Por último, situó los años 90 como “desierto neoliberal”, solo en su acepción negativa, es decir, pasando por alto que el desierto en tanto imagen del sin-sentido es a su vez la posibilidad de crear nuevos sentidos. De estas operaciones queda un legado: la del “buen ciudadano”, una suerte de hombre que está solo y espera, sea que retorne el gobierno que le otorgó beneficios, sea que la situación cambie como por arte de magia.

Para finalizar estas líneas, entonces, unas breves reflexiones en torno a la pregunta sobre cuáles son los límites y los alcances de nuestras actuales praxis militantes y sus recursos de lucha.

De algún modo estas reflexiones retornan al comienzo. ¿Cómo construir praxis militantes potentes cuando partimos de conceptos y modos de entender el mundo impotentes o, al menos, insuficientes para pensar las actuales dinámicas de dominación y explotación?

Tal vez habría que asumir que uno de los principales límites con que se topan hoy nuestras praxis militantes es el excesivo pragmatismo, la falta de mirada crítica respecto de los tiempos y las velocidades del capital introyectadas en nosotros mismos, la construcción de perspectivas políticas basadas en las explicaciones fáciles de por qué estamos como estamos y esa suerte de “piloto automático” en la que muchas veces funcionan nuestras experiencias.

Respecto de los recursos de lucha, salvo honrosas excepciones, los años kirchneristas nos han dejado en una suerte de modorra respecto de la imaginación y la creatividad.

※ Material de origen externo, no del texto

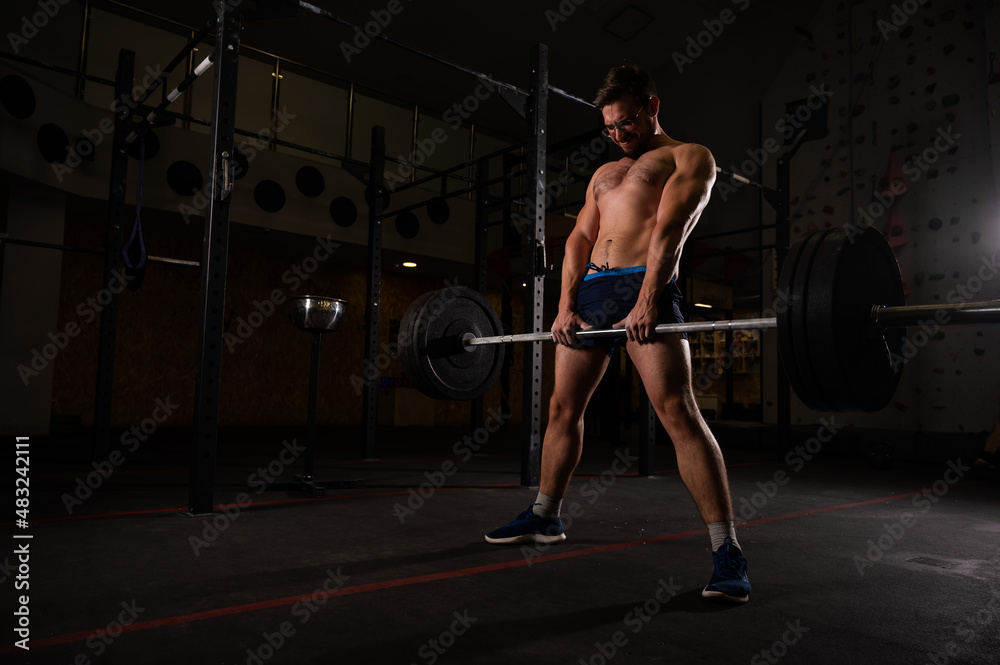 Fototapeta premium Shirtless caucasian man doing deadlift in the gym.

En ese sentido el terror post Masacre de Avellaneda nos ha limitado mucho respecto de las capacidades de desarrollar una perspectiva centrada en la audacia política.

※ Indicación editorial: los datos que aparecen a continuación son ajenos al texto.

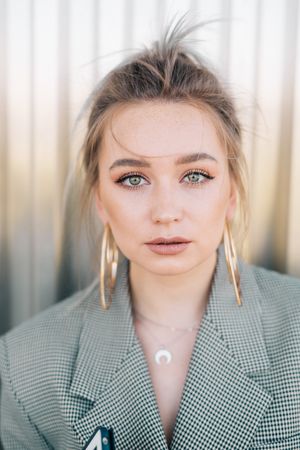 Woman with tablet in stylish suit standing nearby wall holding sunglasses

Por supuesto, y de eso no hemos hablado, el ciclo político del que posiblemente estemos a las puertas cuenta con un interesante acumulado histórico en Argentina: las experiencias de nuevos colectivos y militancias que tienen la posibilidad de ensamblar sus trayectorias con las de otras franjas etarias que tuvieron otra experiencias, no sólo durante la denominada “década ganada” sino incluso mucho antes, durante la larga década neoliberal. Salirnos del cómodo lugar de pensar que las  nuevas luchas pueden reeditar las de antaño o funcionar como si en el país nada hubiese cambiado desde diciembre de 2015 a esta parte, seguramente sea uno de los principales desafíos del presente.